=== Records drawn from a dataset ===
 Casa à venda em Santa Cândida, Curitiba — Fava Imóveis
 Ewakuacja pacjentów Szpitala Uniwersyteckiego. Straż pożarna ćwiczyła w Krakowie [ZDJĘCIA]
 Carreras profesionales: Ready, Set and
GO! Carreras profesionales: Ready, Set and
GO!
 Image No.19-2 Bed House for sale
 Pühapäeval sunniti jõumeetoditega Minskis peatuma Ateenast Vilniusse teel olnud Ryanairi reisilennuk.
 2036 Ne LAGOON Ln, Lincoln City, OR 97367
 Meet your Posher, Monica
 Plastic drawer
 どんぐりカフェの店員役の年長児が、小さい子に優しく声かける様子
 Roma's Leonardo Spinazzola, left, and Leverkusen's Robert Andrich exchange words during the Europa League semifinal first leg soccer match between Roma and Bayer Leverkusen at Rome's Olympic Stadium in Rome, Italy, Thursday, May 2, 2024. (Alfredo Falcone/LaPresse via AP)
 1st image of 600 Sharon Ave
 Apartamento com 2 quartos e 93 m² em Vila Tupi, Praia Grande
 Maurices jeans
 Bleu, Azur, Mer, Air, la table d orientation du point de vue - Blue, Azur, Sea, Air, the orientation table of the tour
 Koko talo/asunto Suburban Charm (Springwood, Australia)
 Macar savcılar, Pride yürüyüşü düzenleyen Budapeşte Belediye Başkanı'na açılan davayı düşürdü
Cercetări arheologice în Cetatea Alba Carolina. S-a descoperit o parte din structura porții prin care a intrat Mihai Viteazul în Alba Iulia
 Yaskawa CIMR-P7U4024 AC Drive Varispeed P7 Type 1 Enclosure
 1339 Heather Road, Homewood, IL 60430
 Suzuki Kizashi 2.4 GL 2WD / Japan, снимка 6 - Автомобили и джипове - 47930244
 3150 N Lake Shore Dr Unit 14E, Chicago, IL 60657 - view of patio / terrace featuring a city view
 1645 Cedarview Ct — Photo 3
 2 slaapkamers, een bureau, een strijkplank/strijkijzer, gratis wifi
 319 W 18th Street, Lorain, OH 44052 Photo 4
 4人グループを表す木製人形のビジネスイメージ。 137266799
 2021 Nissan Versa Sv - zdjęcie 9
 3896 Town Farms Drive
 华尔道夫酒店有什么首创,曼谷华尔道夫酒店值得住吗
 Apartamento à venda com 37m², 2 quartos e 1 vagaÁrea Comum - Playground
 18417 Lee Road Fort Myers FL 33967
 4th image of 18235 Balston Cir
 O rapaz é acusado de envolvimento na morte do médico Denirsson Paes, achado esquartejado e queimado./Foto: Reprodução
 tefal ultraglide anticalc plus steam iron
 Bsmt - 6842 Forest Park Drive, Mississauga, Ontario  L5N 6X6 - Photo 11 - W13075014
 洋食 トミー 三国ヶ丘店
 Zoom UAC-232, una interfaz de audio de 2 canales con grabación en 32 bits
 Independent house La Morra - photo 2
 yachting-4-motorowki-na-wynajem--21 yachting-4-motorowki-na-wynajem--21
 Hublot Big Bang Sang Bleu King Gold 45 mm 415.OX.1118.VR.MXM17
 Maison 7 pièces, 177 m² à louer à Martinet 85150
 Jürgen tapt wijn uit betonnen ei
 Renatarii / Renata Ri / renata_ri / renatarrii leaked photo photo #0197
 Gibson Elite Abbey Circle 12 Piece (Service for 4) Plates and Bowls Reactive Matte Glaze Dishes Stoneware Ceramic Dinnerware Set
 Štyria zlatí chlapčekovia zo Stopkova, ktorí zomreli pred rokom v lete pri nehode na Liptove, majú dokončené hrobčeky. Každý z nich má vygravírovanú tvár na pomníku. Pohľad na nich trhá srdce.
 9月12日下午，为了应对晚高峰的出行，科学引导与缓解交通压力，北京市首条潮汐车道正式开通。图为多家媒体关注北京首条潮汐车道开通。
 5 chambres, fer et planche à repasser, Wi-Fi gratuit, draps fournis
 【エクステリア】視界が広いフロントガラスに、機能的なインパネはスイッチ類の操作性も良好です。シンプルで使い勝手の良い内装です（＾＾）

=== PROBLEM ===
Reproduce the preceding entries exactly and completely.

=== THE COMPLETED TASK ===
 Casa à venda em Santa Cândida, Curitiba — Fava Imóveis
 Ewakuacja pacjentów Szpitala Uniwersyteckiego. Straż pożarna ćwiczyła w Krakowie [ZDJĘCIA]
 Carreras profesionales: Ready, Set and
GO! Carreras profesionales: Ready, Set and
GO!
 Image No.19-2 Bed House for sale
 Pühapäeval sunniti jõumeetoditega Minskis peatuma Ateenast Vilniusse teel olnud Ryanairi reisilennuk.
 2036 Ne LAGOON Ln, Lincoln City, OR 97367
 Meet your Posher, Monica
 Plastic drawer
 どんぐりカフェの店員役の年長児が、小さい子に優しく声かける様子
 Roma's Leonardo Spinazzola, left, and Leverkusen's Robert Andrich exchange words during the Europa League semifinal first leg soccer match between Roma and Bayer Leverkusen at Rome's Olympic Stadium in Rome, Italy, Thursday, May 2, 2024. (Alfredo Falcone/LaPresse via AP)
 1st image of 600 Sharon Ave
 Apartamento com 2 quartos e 93 m² em Vila Tupi, Praia Grande
 Maurices jeans
 Bleu, Azur, Mer, Air, la table d orientation du point de vue - Blue, Azur, Sea, Air, the orientation table of the tour
 Koko talo/asunto Suburban Charm (Springwood, Australia)
 Macar savcılar, Pride yürüyüşü düzenleyen Budapeşte Belediye Başkanı'na açılan davayı düşürdü
Cercetări arheologice în Cetatea Alba Carolina. S-a descoperit o parte din structura porții prin care a intrat Mihai Viteazul în Alba Iulia
 Yaskawa CIMR-P7U4024 AC Drive Varispeed P7 Type 1 Enclosure
 1339 Heather Road, Homewood, IL 60430
 Suzuki Kizashi 2.4 GL 2WD / Japan, снимка 6 - Автомобили и джипове - 47930244
 3150 N Lake Shore Dr Unit 14E, Chicago, IL 60657 - view of patio / terrace featuring a city view
 1645 Cedarview Ct — Photo 3
 2 slaapkamers, een bureau, een strijkplank/strijkijzer, gratis wifi
 319 W 18th Street, Lorain, OH 44052 Photo 4
 4人グループを表す木製人形のビジネスイメージ。 137266799
 2021 Nissan Versa Sv - zdjęcie 9
 3896 Town Farms Drive
 华尔道夫酒店有什么首创,曼谷华尔道夫酒店值得住吗
 Apartamento à venda com 37m², 2 quartos e 1 vagaÁrea Comum - Playground
 18417 Lee Road Fort Myers FL 33967
 4th image of 18235 Balston Cir
 O rapaz é acusado de envolvimento na morte do médico Denirsson Paes, achado esquartejado e queimado./Foto: Reprodução
 tefal ultraglide anticalc plus steam iron
 Bsmt - 6842 Forest Park Drive, Mississauga, Ontario  L5N 6X6 - Photo 11 - W13075014
 洋食 トミー 三国ヶ丘店
 Zoom UAC-232, una interfaz de audio de 2 canales con grabación en 32 bits
 Independent house La Morra - photo 2
 yachting-4-motorowki-na-wynajem--21 yachting-4-motorowki-na-wynajem--21
 Hublot Big Bang Sang Bleu King Gold 45 mm 415.OX.1118.VR.MXM17
 Maison 7 pièces, 177 m² à louer à Martinet 85150
 Jürgen tapt wijn uit betonnen ei
 Renatarii / Renata Ri / renata_ri / renatarrii leaked photo photo #0197
 Gibson Elite Abbey Circle 12 Piece (Service for 4) Plates and Bowls Reactive Matte Glaze Dishes Stoneware Ceramic Dinnerware Set
 Štyria zlatí chlapčekovia zo Stopkova, ktorí zomreli pred rokom v lete pri nehode na Liptove, majú dokončené hrobčeky. Každý z nich má vygravírovanú tvár na pomníku. Pohľad na nich trhá srdce.
 9月12日下午，为了应对晚高峰的出行，科学引导与缓解交通压力，北京市首条潮汐车道正式开通。图为多家媒体关注北京首条潮汐车道开通。
 5 chambres, fer et planche à repasser, Wi-Fi gratuit, draps fournis
 【エクステリア】視界が広いフロントガラスに、機能的なインパネはスイッチ類の操作性も良好です。シンプルで使い勝手の良い内装です（＾＾）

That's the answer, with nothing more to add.